Two oil drilling platforms lie in the Port of Galveston undergoing repairs Sept. 6, 2005, in Galveston, Texas

As Texans prepare for the holidays, many are thankful that the state has so far dodged the recessionary bullet. With an unemployment rate of 5.6%, well below the 6.7% national rate, the Lone Star State continues to add jobs — 230,000 for the past 12 months as of the end of October. And while sales-tax receipts, a major source of revenue for state and local government, are no longer growing at double-digit rates, they were still up almost 5% in November over the same time last year. Perhaps the best holiday news for Texans, who see long-distance drives as a way of life, is that gas is down to $1.35 a gallon in many parts of the state. But that happy fact may be the harbinger of tough economic times in 2009 for the Oil Patch. (Read "Black Gold: It's Time to Raise the Gas Tax.")

The oil-and-gas industry accounts for almost 16% of the Texas gross domestic product, double what it was five years ago, and that means any slowing in that sector will have a ripple effect on the state's overall economy. "There are signs of a slowdown," says Amarillo energy economist Karr Ingham. "The jury is still out on whether it will become a bust."

Oil prices began to fall in late summer, after gas topped $4 a gallon, and the drumbeat of bad economic news has sent them ever lower. "Prices got to an insane level," Texas economist M. Ray Perryman says, "but they are equally insane now." With the price of a barrel of oil hovering in the $45 range and natural gas cut in half from a high of $14 per thousand cubic feet, the domestic energy sector is now at a critical "tipping point," Perryman says. If prices dip lower, he adds, the pace of the slowdown will quicken as domestic oil and gas fields that demand expensive, high-technology drilling methods will be shut. (See pictures of the remains of Detroit.)

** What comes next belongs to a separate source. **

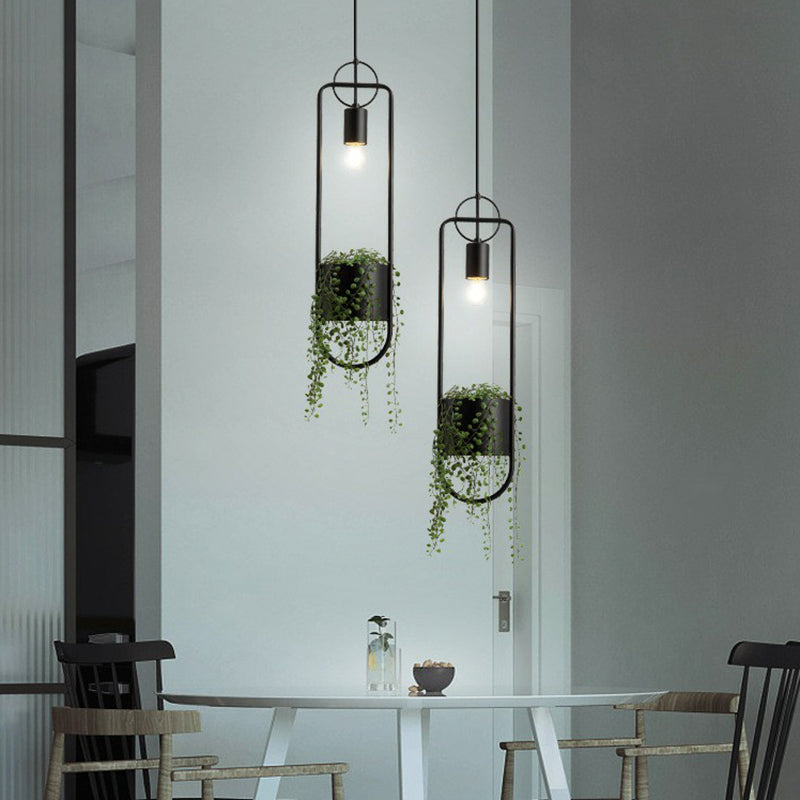1-Bulb Faux Pot Plant Ceiling Pendant Light Industrial Black Metal Hanging Lamp with Bare Bulb Design Clearhalo 'Art Deco Pendants' 'Black' 'Cast Iron' 'Ceiling Lights' 'Ceramic' 'Crystal' 'Industrial Pendants' 'Industrial' 'Metal' 'Middle Century Pendants' 'Pendant Lights' 'Pendants' 'Rustic Pendants' 'Tiffany' Lighting' 2408536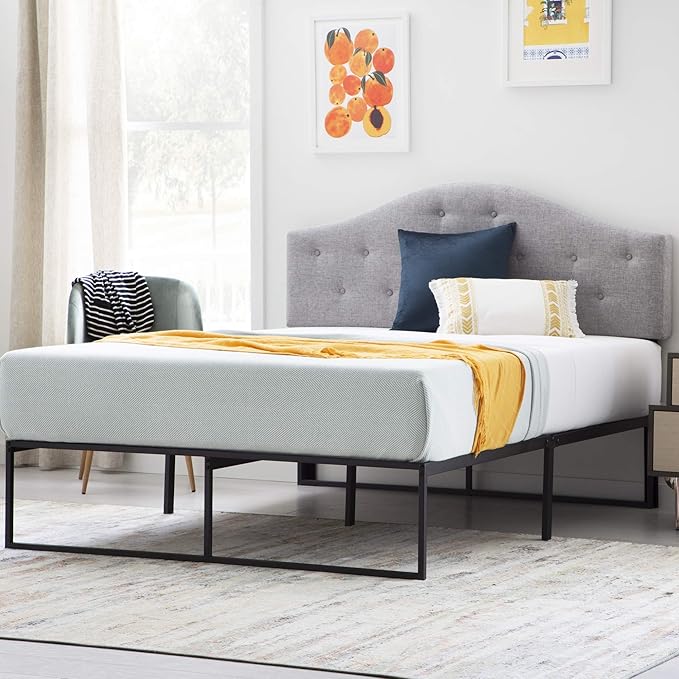 Linenspa Folding Metal Platform Bed Frame - Easy Assembly - Sturdy Steel - No Box Spring Needed - Underbed Storage - Mattress Foundation - 14" High - Traditional Design - King Size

Thanks to those high oil and gas prices earlier this year, the state of Texas raked in $363 million in oil-production taxes in just the last quarter of fiscal 2008, 36% more than the same quarter a year ago, and $777 million in gas-production taxes, up 55% over the same quarter a year ago. But the numbers are now beginning to tell a different tale. While natural-gas-production taxes are up 56% for the first quarter of fiscal 2009, oil-production taxes have slipped from the 72% increase seen in fiscal 2008 to a 36% increase in the first quarter, according to the Texas state comptroller. (The state levies a 7.5% severance tax on every barrel of oil or cubic foot of gas taken out of the ground.)

Unlike in the 1980s, when oil fell to $8 a barrel, Texas is not heavily dependent on its energy industry, so the state "should have more resistance to, but not immunity from, recessionary conditions," according to state comptroller Susan Combs. When the legislature convenes for its biennial session in January, Texas will have a big surplus, thanks in part to last year's booming oil and gas revenues — one of only nine states not in the red.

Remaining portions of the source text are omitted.